The Naughty But Nice struggle 

Everyday living can be tough when you are a Naughty But Nice dog owner. You cast an envious eye at those walking their dogs casually down the street without a care in the world. You see your friends post pictures of their dogs doing their favourite dog sports and quietly mourn the dream you had of competing. You look at your dog after they’ve kicked off and wonder just how you are ever going to get you both through this. 


It can be a very bleak place to be in.

Then you see a blog post or video or post on social media extolling the virtues of games based training and you think, “yeah, right. All very well for others with ‘normal’ dogs, but won’t work for us.” Your problems are just too serious to be resolved by playing games. 

We hear you. We really do. Because we’ve been there. We’ve felt the despair, and the darkness, and the struggle.

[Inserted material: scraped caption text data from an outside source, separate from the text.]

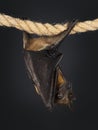 Fruit bat aka chiroptera on black background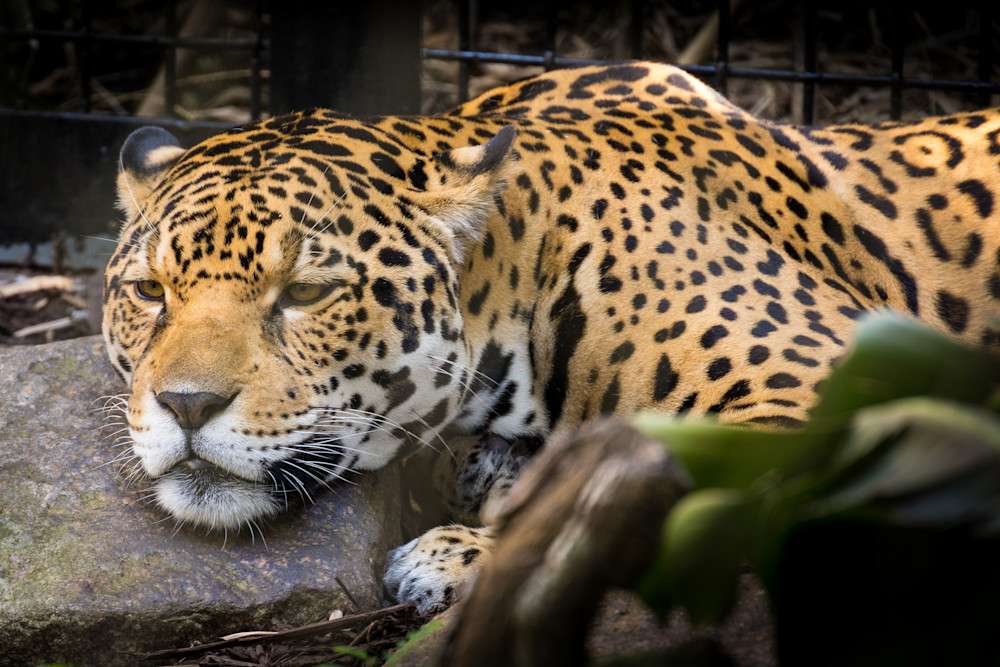 Audubon zoo Jaguar relaxing in New Orleans | Eugene L Brill
 
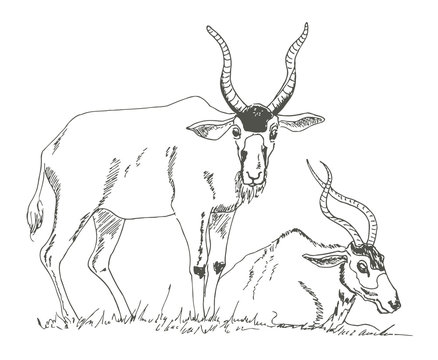 Horned antelope. The sketch marker. Vector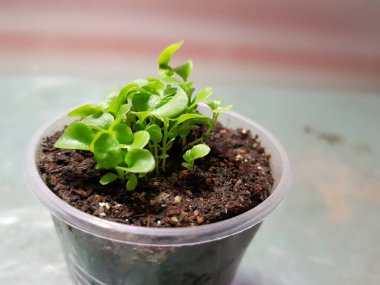 Fide - bir tencere veya fincan çok güzel etiket fide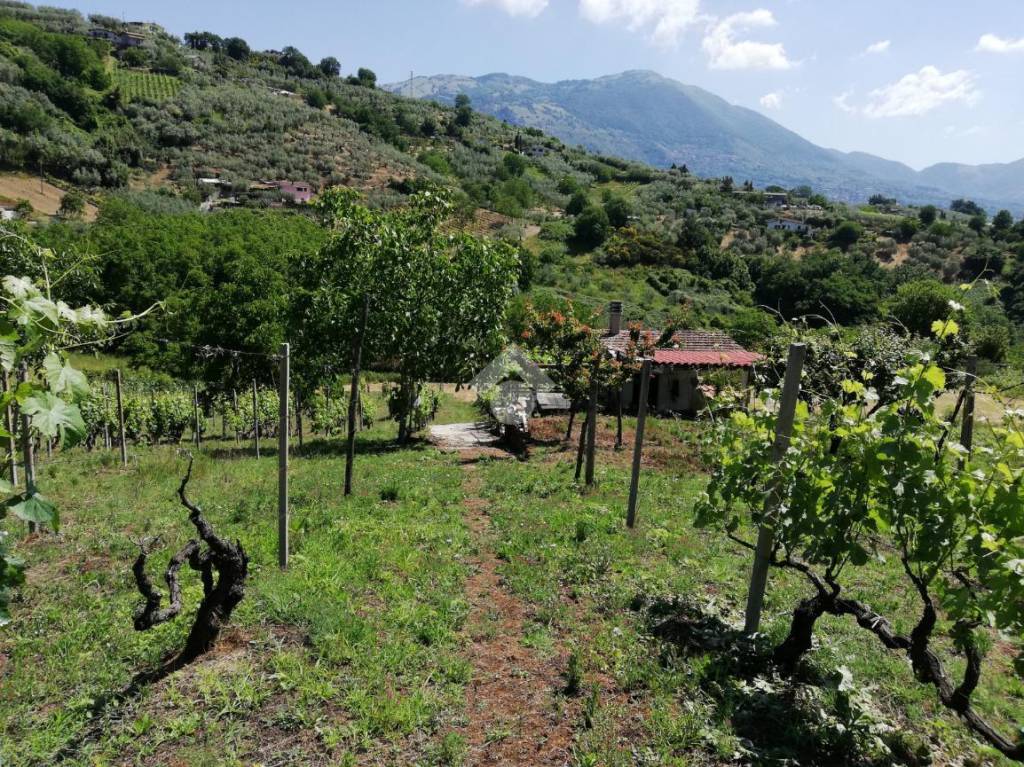 immagine annuncio 2 di 14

We’ve wondered how it could ever be possible to transform our Naughty But Nice dogs through games. 

But we are here to tell you that it can be done. We’ve done it ourselves and we’ve trained many owners in a similar position to yours to do it too. And we are here to show you that it can work for you too.

A real life example

Nicola’s story

“Before I came to our Naughty But Nice camp at Devon Dogs, I thought there was something seriously wrong with my border terrier, Baxter. He was super reactive, to the extent that I had to walk him at odd times of day to avoid meeting any other dogs. Things were really bleak and our relationship was at such a low point. 

I was quite apprehensive about Tom the Vet Behaviourist seeing Baxter on the camp. No one wants to hear that their dog is broken, and that was what I suspected. But in three words, Tom transformed my whole relationship with Baxter. 

‘He’s just scared,’ he said. 

Tom explained that Baxter over processed everything and his pessimism was making him perceive almost everything as a threat. My whole outlook changed in that instant. He was just frightened. Not broken. Not crazy. Just scared. 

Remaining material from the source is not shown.